Data provided:
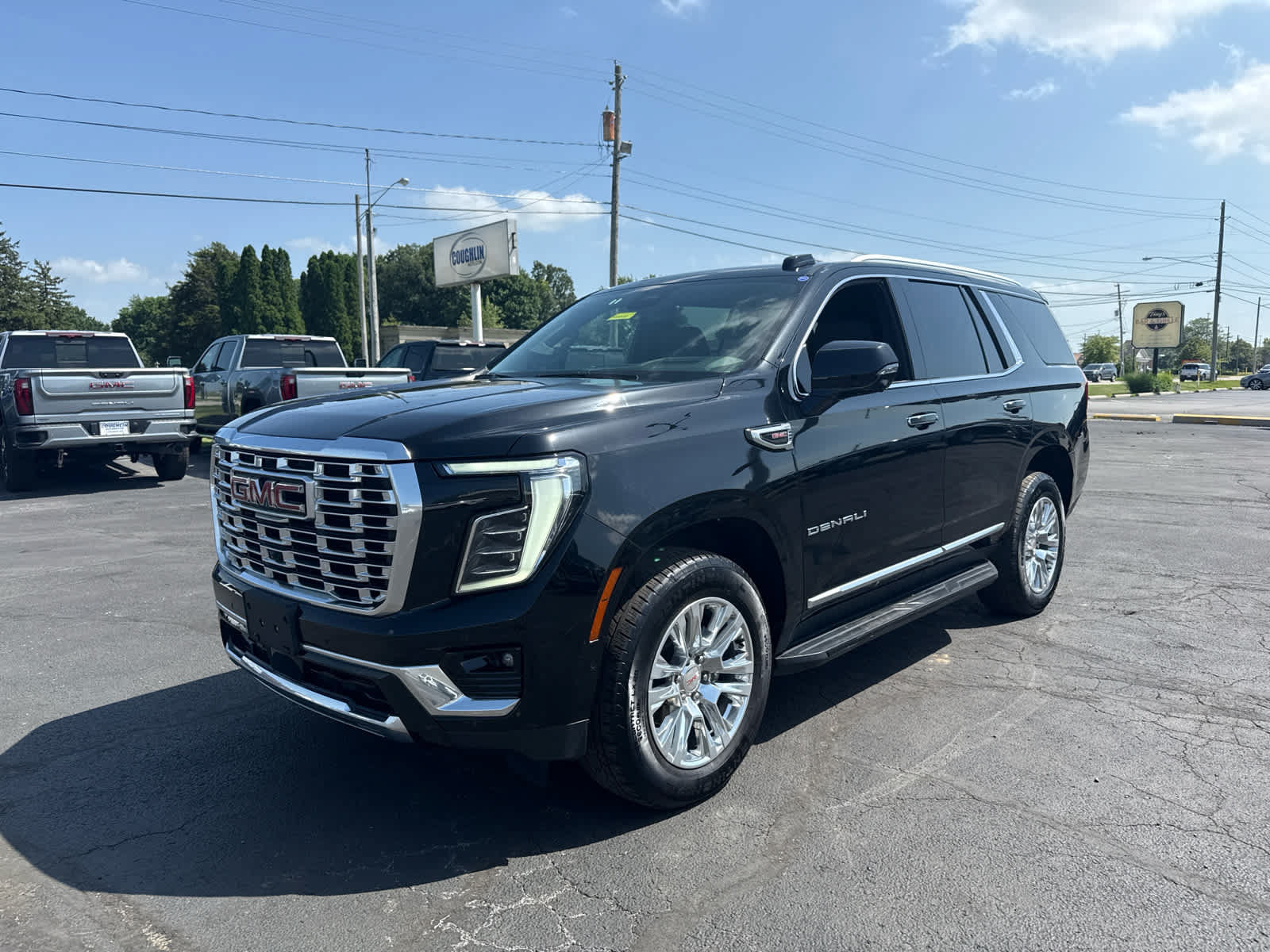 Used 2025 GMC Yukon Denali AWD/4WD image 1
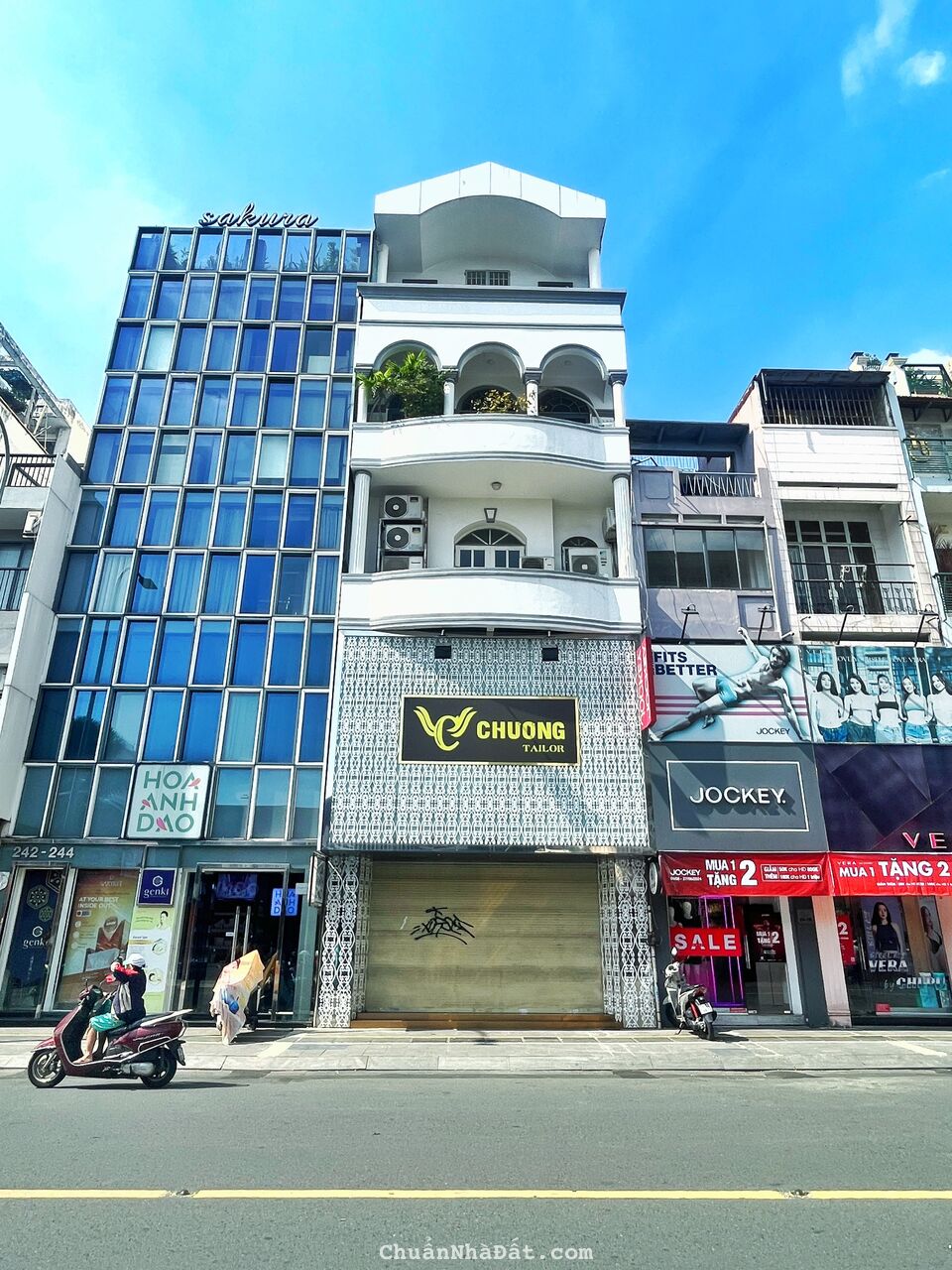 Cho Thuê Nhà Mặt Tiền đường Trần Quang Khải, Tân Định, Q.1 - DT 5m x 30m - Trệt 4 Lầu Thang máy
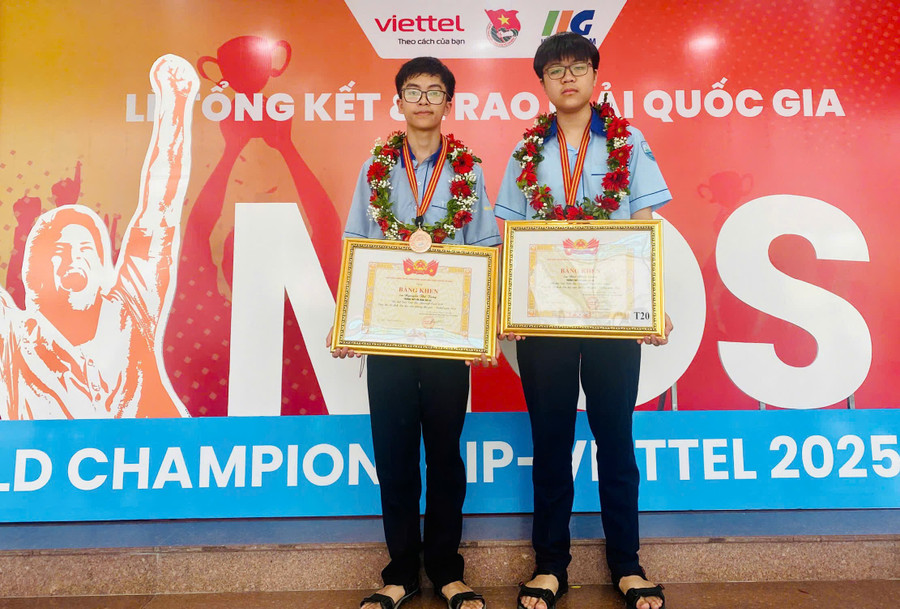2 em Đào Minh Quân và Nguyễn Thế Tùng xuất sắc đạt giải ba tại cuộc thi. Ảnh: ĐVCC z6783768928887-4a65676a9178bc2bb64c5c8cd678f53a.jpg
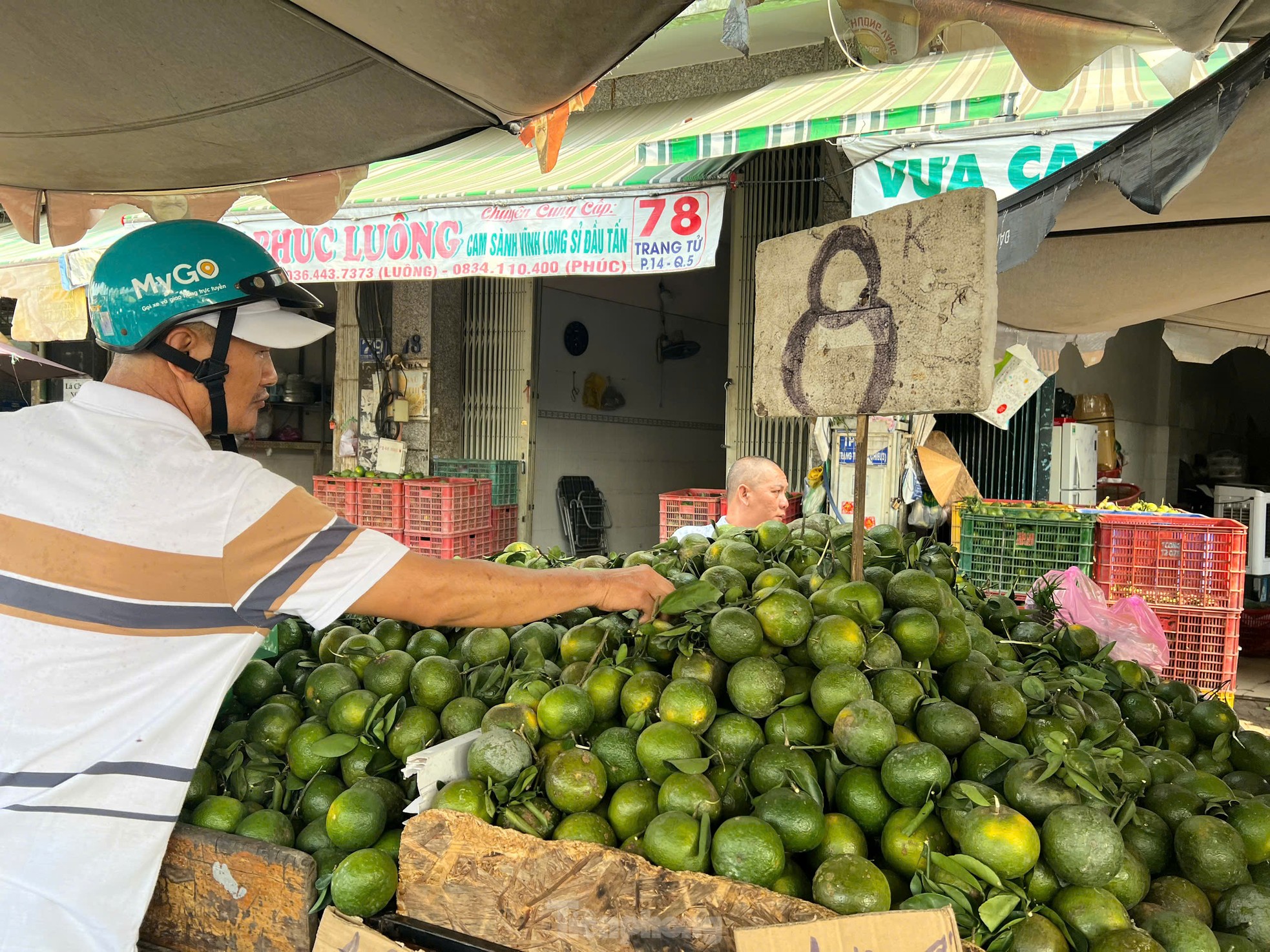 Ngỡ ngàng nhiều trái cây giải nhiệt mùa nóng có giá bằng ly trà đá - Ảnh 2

Exercise requirements:
Each line of the data above should be reproduced without alteration, and no picture should appear in the copy.

Result of this exercise:
 Used 2025 GMC Yukon Denali AWD/4WD image 1
 Cho Thuê Nhà Mặt Tiền đường Trần Quang Khải, Tân Định, Q.1 - DT 5m x 30m - Trệt 4 Lầu Thang máy
2 em Đào Minh Quân và Nguyễn Thế Tùng xuất sắc đạt giải ba tại cuộc thi. Ảnh: ĐVCC z6783768928887-4a65676a9178bc2bb64c5c8cd678f53a.jpg
 Ngỡ ngàng nhiều trái cây giải nhiệt mùa nóng có giá bằng ly trà đá - Ảnh 2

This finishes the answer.